- WORK INSTRUCTIONS: Of the entries below, return exactly those lines that fall between the one containing "Jefferies Socks Party" and the one containing "Set componente AXTON", the two end lines included.

- DATA FOR THIS EXERCISE:
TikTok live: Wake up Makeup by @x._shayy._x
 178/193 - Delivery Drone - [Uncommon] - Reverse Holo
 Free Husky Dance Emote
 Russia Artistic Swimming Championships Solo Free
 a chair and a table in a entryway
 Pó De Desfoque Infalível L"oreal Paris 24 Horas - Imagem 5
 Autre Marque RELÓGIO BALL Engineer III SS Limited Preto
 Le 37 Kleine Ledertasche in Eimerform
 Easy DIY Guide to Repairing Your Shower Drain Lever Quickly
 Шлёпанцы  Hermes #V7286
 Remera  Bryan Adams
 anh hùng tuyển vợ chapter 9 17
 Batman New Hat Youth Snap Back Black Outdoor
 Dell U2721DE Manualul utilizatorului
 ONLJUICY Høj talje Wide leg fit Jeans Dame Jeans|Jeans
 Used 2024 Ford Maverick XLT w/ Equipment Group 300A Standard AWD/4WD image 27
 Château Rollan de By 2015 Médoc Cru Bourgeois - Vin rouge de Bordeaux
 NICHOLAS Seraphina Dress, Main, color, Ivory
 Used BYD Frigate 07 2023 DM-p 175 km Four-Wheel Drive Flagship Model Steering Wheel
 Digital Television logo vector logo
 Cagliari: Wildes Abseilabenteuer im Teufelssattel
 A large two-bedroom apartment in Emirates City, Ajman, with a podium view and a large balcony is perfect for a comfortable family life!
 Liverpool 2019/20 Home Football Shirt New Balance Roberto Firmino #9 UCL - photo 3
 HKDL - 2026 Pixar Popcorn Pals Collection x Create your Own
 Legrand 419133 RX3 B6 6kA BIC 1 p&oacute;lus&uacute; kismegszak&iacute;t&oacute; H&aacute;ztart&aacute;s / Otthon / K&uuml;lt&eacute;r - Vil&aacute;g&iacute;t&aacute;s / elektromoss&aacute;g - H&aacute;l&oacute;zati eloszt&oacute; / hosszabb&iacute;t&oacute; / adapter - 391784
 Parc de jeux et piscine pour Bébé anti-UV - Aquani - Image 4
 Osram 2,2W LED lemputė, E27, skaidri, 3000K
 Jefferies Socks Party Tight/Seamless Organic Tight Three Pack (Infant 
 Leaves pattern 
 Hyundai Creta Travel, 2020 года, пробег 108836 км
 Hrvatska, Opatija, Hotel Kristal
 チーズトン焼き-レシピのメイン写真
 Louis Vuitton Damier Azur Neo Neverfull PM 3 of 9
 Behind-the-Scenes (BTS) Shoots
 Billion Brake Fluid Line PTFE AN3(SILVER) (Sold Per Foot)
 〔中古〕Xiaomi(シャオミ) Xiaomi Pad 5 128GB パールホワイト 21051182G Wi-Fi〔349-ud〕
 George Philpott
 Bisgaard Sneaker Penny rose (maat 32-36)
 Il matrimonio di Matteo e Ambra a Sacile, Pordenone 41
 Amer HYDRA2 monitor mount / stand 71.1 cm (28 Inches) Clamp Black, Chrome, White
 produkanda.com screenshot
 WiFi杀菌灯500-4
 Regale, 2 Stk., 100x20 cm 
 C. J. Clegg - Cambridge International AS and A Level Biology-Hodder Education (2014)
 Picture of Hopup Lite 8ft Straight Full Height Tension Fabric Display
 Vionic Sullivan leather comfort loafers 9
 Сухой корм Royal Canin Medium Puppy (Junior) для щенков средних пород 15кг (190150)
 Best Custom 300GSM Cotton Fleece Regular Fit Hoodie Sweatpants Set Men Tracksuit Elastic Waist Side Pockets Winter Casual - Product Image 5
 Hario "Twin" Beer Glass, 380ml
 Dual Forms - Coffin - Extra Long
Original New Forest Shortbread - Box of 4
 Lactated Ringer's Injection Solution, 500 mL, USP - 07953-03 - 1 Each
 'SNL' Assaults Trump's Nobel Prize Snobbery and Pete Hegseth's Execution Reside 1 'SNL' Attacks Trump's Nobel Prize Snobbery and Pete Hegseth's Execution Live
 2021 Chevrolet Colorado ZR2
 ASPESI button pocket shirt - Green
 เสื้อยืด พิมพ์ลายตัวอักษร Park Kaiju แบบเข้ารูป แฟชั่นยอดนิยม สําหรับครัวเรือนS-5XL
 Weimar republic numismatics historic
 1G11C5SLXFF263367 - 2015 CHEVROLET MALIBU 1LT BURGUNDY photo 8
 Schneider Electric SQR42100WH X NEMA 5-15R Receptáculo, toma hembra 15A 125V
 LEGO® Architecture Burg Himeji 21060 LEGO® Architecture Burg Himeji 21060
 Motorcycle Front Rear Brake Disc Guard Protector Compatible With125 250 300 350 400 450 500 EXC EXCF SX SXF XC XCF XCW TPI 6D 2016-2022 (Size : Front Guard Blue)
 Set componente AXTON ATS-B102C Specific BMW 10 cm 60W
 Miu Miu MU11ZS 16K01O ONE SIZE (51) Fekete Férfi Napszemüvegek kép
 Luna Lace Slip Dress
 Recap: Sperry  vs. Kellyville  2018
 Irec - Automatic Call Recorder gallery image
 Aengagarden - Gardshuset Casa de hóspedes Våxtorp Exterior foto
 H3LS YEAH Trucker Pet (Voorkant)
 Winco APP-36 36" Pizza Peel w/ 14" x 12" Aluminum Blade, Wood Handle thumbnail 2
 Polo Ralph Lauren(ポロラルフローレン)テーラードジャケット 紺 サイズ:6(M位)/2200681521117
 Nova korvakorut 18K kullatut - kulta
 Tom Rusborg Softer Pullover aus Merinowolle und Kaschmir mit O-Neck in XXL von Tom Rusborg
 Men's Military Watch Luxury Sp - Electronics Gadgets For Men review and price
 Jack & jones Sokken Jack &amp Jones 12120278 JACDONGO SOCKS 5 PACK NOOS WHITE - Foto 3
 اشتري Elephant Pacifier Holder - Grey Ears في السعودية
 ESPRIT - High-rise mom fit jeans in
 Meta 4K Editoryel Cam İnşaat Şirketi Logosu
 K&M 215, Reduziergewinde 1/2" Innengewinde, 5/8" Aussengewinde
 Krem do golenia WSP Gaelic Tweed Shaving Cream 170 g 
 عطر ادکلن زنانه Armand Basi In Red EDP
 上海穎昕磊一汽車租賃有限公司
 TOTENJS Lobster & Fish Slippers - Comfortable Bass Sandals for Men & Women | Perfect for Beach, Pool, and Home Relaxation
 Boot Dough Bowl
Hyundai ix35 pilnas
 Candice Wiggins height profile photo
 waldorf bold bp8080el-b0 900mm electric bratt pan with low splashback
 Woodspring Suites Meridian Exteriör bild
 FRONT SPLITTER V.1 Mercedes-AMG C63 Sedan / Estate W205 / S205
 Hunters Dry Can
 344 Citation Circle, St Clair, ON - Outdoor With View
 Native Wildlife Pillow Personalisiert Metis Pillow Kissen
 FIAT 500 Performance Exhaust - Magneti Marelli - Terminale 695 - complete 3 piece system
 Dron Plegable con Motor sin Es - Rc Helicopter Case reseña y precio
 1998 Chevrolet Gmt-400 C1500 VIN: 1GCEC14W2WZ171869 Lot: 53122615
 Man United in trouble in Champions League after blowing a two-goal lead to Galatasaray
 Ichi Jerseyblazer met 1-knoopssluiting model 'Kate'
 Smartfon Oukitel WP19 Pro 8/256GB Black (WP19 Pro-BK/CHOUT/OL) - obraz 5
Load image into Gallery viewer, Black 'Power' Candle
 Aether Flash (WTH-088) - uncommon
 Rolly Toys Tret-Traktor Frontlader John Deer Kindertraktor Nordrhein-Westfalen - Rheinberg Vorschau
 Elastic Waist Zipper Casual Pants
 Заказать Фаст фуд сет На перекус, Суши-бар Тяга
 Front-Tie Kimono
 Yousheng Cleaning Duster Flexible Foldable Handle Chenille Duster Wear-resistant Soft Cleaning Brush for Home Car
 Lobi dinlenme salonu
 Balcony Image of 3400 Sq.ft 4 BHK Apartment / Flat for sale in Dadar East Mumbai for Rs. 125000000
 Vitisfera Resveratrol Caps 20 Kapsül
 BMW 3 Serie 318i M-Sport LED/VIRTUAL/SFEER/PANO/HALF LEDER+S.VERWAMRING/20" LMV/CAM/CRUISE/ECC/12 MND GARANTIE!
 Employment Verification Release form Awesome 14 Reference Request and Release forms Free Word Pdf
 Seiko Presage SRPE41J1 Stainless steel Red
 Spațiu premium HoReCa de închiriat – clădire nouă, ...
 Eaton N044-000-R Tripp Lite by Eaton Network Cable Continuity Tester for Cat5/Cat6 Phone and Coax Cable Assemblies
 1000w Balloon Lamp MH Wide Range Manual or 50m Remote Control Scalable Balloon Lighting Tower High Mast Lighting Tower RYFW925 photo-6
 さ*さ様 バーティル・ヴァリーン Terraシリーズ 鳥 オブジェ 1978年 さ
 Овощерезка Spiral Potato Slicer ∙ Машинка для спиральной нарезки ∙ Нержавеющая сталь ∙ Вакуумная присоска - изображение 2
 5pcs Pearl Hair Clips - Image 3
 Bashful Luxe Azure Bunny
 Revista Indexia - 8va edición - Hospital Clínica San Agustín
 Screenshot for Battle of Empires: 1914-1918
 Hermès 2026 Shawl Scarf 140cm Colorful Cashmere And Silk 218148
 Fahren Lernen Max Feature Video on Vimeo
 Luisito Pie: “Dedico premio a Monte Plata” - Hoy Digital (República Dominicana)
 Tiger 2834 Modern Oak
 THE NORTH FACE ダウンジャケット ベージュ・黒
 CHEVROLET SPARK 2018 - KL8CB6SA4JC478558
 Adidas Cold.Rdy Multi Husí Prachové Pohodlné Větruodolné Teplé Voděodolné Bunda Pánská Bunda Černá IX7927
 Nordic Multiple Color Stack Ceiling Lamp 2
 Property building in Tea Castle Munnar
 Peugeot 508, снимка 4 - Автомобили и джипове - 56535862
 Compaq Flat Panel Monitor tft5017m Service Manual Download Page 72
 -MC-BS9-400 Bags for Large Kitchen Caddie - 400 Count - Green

- WRITTEN RESPONSE:
 Jefferies Socks Party Tight/Seamless Organic Tight Three Pack (Infant 
 Leaves pattern 
 Hyundai Creta Travel, 2020 года, пробег 108836 км
 Hrvatska, Opatija, Hotel Kristal
 チーズトン焼き-レシピのメイン写真
 Louis Vuitton Damier Azur Neo Neverfull PM 3 of 9
 Behind-the-Scenes (BTS) Shoots
 Billion Brake Fluid Line PTFE AN3(SILVER) (Sold Per Foot)
 〔中古〕Xiaomi(シャオミ) Xiaomi Pad 5 128GB パールホワイト 21051182G Wi-Fi〔349-ud〕
 George Philpott
 Bisgaard Sneaker Penny rose (maat 32-36)
 Il matrimonio di Matteo e Ambra a Sacile, Pordenone 41
 Amer HYDRA2 monitor mount / stand 71.1 cm (28 Inches) Clamp Black, Chrome, White
 produkanda.com screenshot
 WiFi杀菌灯500-4
 Regale, 2 Stk., 100x20 cm 
 C. J. Clegg - Cambridge International AS and A Level Biology-Hodder Education (2014)
 Picture of Hopup Lite 8ft Straight Full Height Tension Fabric Display
 Vionic Sullivan leather comfort loafers 9
 Сухой корм Royal Canin Medium Puppy (Junior) для щенков средних пород 15кг (190150)
 Best Custom 300GSM Cotton Fleece Regular Fit Hoodie Sweatpants Set Men Tracksuit Elastic Waist Side Pockets Winter Casual - Product Image 5
 Hario "Twin" Beer Glass, 380ml
 Dual Forms - Coffin - Extra Long
Original New Forest Shortbread - Box of 4
 Lactated Ringer's Injection Solution, 500 mL, USP - 07953-03 - 1 Each
 'SNL' Assaults Trump's Nobel Prize Snobbery and Pete Hegseth's Execution Reside 1 'SNL' Attacks Trump's Nobel Prize Snobbery and Pete Hegseth's Execution Live
 2021 Chevrolet Colorado ZR2
 ASPESI button pocket shirt - Green
 เสื้อยืด พิมพ์ลายตัวอักษร Park Kaiju แบบเข้ารูป แฟชั่นยอดนิยม สําหรับครัวเรือนS-5XL
 Weimar republic numismatics historic
 1G11C5SLXFF263367 - 2015 CHEVROLET MALIBU 1LT BURGUNDY photo 8
 Schneider Electric SQR42100WH X NEMA 5-15R Receptáculo, toma hembra 15A 125V
 LEGO® Architecture Burg Himeji 21060 LEGO® Architecture Burg Himeji 21060
 Motorcycle Front Rear Brake Disc Guard Protector Compatible With125 250 300 350 400 450 500 EXC EXCF SX SXF XC XCF XCW TPI 6D 2016-2022 (Size : Front Guard Blue)
 Set componente AXTON ATS-B102C Specific BMW 10 cm 60W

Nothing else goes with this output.